The Novel Foods Regulation includes a simplified procedure for marketing certain types of novel food or novel food ingredient in the EU, if it is considered “substantially equivalent” to an existing food or food ingredient that is already marketed within the EU. In these cases, the company can submit a notification to the European Commission after obtaining an opinion on equivalence from an EU Member State.

In the UK for example, it is the Food Standards Agency who is the Competent Authority. If a company wants to benefit from the simplified procedure, it must provide the Competent Authority with specific data when requesting such an opinion. The company’s application dossier should show how the novel food or novel food ingredient may be substantially equivalent to an existing food or food ingredient as regards to its: (a) composition (such as the source organism and preparation method), (b) nutritional value, (c) metabolism, (d) intended use (such as a food ingredient or supplement) and (e) level of undesirable substances (such as contaminants, mycotoxins and allergens).

9 Conclusions

HPP is a process that can inactivate microorganisms, spores and virus at low or moderate temperatures whilst retaining sensory and nutritional properties. This ‘novel’ non-thermal technology has the potential to be used in the development of a whole new generation of value added foods.
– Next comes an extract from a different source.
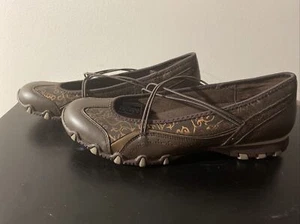 Skechers Bikers Womens Size 8.5 Leather Shoes Brown With Rhinestone Accents New - Picture 1 of 10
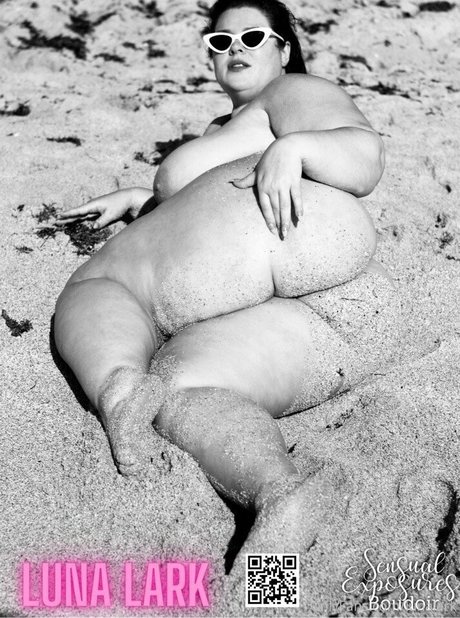 lunalark only fans leaks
Although food safety issues and the achievable extension of shelf-life and the legislative situation need to be inspected case-by-case the existing experimental data can be helpful in exploring potential fields of application for high pressure processing. HPP is not likely to replace all traditional processing methods, but it may complement such methods or find niche applications. In addition, novel physico-chemical and sensory properties obtained from this technology offer exciting opportunities for industry.